Please filter the data below down to the lines holding the string "фотография".

## Web page caption snippets
======

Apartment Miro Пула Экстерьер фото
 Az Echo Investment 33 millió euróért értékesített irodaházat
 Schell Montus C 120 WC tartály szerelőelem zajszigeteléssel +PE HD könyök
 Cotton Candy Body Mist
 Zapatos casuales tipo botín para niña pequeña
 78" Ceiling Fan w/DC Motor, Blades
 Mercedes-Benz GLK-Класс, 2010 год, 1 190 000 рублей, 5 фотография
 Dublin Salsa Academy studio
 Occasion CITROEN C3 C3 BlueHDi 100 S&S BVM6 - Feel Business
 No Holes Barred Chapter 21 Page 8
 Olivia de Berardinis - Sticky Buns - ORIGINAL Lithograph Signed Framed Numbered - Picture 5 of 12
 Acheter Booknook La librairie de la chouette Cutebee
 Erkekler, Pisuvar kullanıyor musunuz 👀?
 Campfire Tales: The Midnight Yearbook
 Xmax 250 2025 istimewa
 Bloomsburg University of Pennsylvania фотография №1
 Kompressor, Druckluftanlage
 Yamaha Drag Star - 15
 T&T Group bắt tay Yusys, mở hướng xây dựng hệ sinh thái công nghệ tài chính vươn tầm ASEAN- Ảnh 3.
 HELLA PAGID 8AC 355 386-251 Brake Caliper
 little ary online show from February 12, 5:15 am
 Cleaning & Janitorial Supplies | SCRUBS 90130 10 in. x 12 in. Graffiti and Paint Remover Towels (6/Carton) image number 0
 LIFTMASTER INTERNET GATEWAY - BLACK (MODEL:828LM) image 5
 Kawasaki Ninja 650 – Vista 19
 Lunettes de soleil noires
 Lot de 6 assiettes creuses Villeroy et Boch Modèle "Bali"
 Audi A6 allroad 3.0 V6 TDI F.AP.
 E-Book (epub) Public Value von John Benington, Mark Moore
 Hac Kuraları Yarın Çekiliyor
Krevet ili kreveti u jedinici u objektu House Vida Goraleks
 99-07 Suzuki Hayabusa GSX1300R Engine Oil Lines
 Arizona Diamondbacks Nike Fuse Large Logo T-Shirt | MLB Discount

======

## RESULT OF THE EXERCISE
 Mercedes-Benz GLK-Класс, 2010 год, 1 190 000 рублей, 5 фотография
 Bloomsburg University of Pennsylvania фотография №1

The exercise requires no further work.